No doubt every human parent has used a little spit to remove a spot of a child’s face. No such parent, however, has supposed that a spit-bath via the tongue would be the way to clean a child’s entire body. Nor again do we think to clean ourselves in this way. And guess what, this should come as no surprise. Why? Because we typically think of using our mouths to clean various areas of the body downright repulsive.
With sex, then, we do with our mouths under one description that which under a different description, namely washing our bodies, we would deem to be absolutely repulsive if we used our mouths.
From the standpoint of how we use our body parts, evolution makes infinitely more sense than the idea of a divine being fashioning the human body. Built into evolution is a certain level of efficiency. So it is not at all out of the question that some of the same body-parts might be used for both the elimination of bodily waste and intimate sexual behavior. And as mere animals, the issue of spit as such is a non-issue.
I have just mentioned the word “intimate”. And this further perplexes me from the standpoint of the human body being fashioned by God.
Nowadays, of course, it is understood by all save those afflicted with some form of moral rigor mortis that the height of intimacy occurs with sexual behavior. But intimacy thus understood is a form of deep, deep affirmation. It is a profound psychological act whereby we eliminate boundaries in order to achieve a depth of affirmation that cannot be achieved otherwise. Under this description sex is most majestic. And the idea of two beings becoming one, via the act of sex, waxes rhapsodic in our mind.
Alas, this ever so rhapsodic act almost seems to require a kind of schizophrenia on our part; and this is precisely because it involves the use of body-parts about which we conceive of as having quite radically different functions: the elimination of bodily waste, on the one hand, and food consumption, on the other.
It is difficult to imagine that an omniscient being thinking: “I have got it. I have got a way to take human intimacy to unparalleled heights. All we have to do is have the body-parts that are used for the elimination of bodily waste and the body-parts that are used for food consumption operate in tandem with one another during sex.”
This may reveal a failure of my imagination—a profound form of mental fatigue. But I keep thinking to myself that a divine being whose powers are without limit would have hit upon a quite different approach to human intimacy. I mean, if God indeed fashioned human beings in the way that we are, one has to ask: What was He thinking when He thought about human intimacy?”
So when I reflect upon the history of ideas, it is no mystery to me that some of the great religious thinkers had so much difficulty reconciling human sexual behavior with idea that human beings were fashioned by a holy being who possesses all power. It is not much that they were prudes, as it is often thought nowadays. Rather, it is that rightly saw how difficult it is to make sense of the idea that God himself created human beings with the very thought that the body parts should have the radically dual function that they have. When one tries to makes sense of it all, one quite naturally asks: “What, on earth or in heaven’s name, was He thinking?”

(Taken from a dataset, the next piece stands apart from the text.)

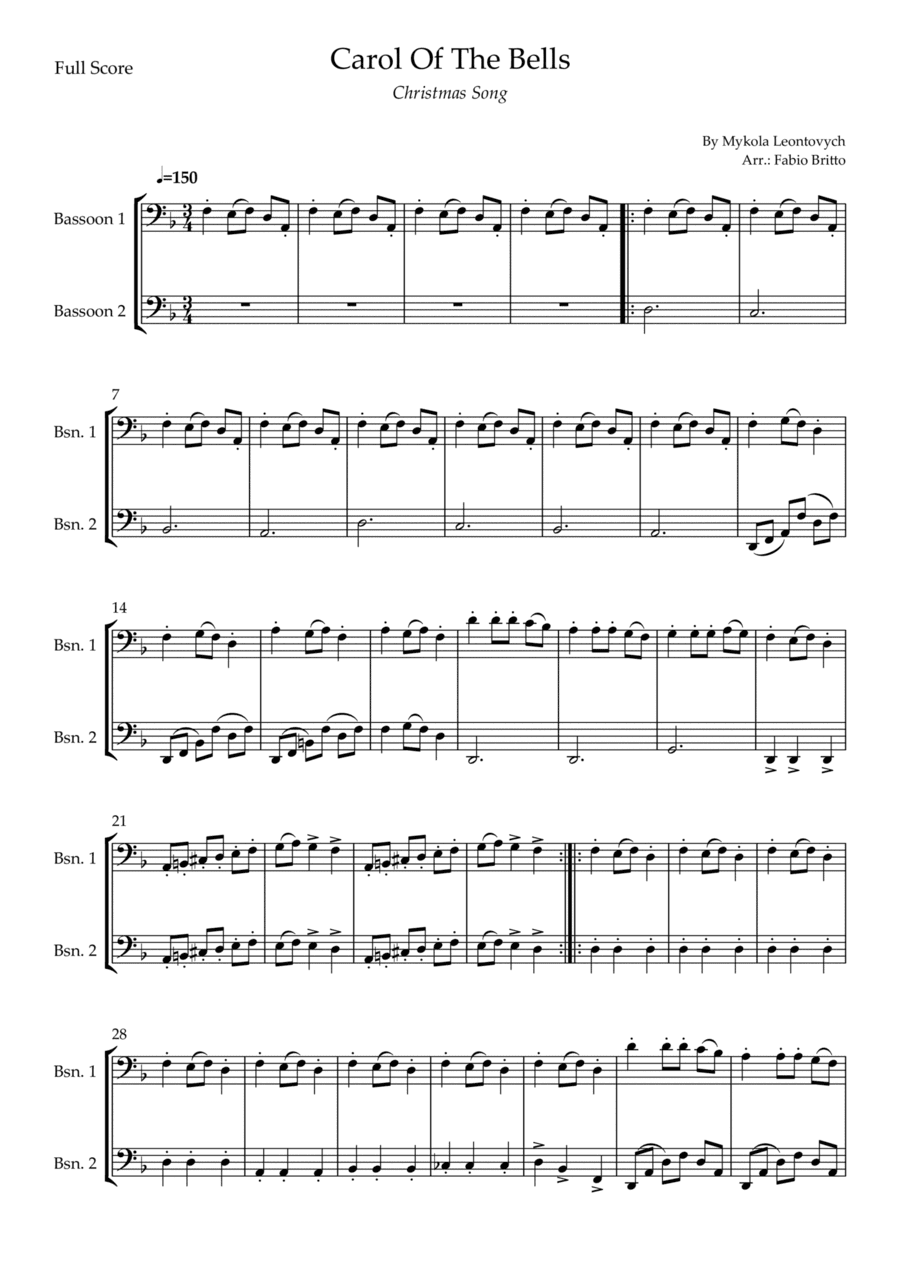 Carol Of The Bells (Christmas Song) for Bassoon  Duo (D Minor) (arr. Fabio Britto)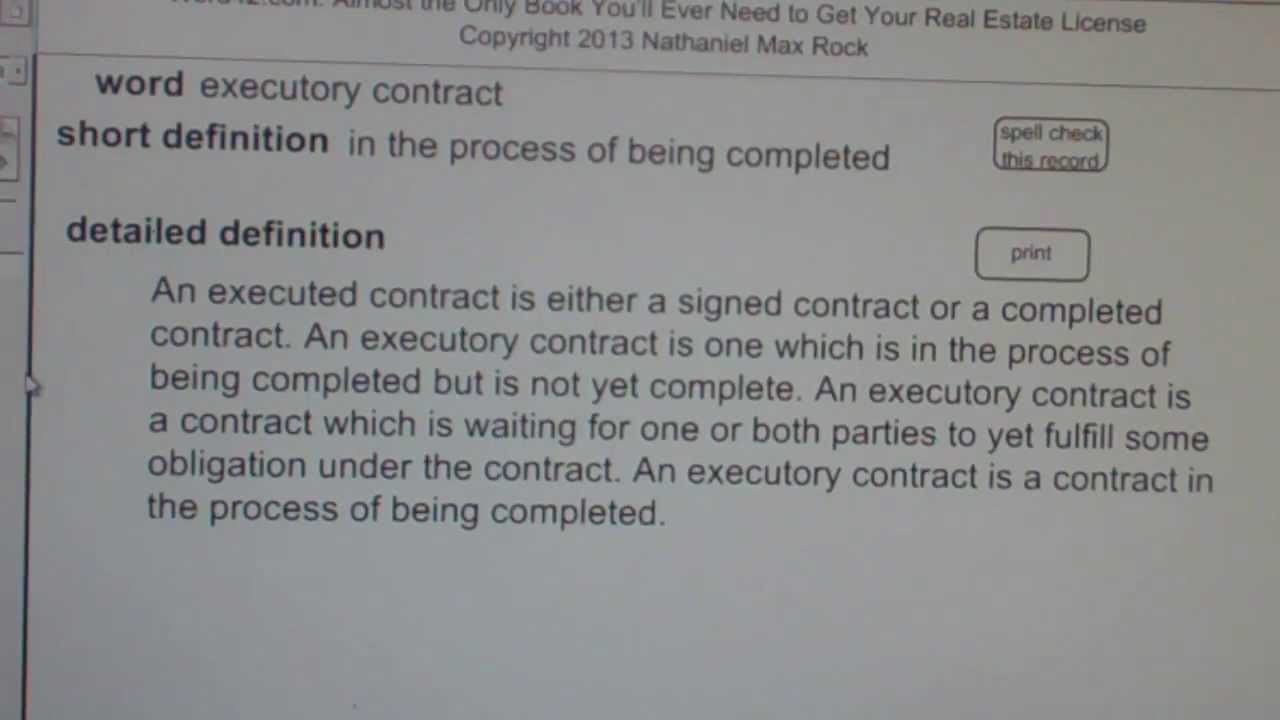 executory contract Real Estate License Exam Study Guide AgentExamPass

Evolution, by contrast, is not a thinking entity. It is not an entity at all. It is a mindless process. So the radically dual-function of bodily parts is no challenge to its efficacy at all, except that it is astounding that the majesty of it all operates only among human beings.
Is it right to suppose that God ought to have produced a quite different kind of human being? Or, do we once more resort to “this is one of the mysteries of God?” Alternatively, one could argue that the dual functionality of body-parts speaks to the extraordinary majesty of God, as it seems woefully unlikely that we human beings would have designed ourselves in this way. But then talk of we human beings designing ourselves is already just so much nonsense, which might also be the case with this blog-entry.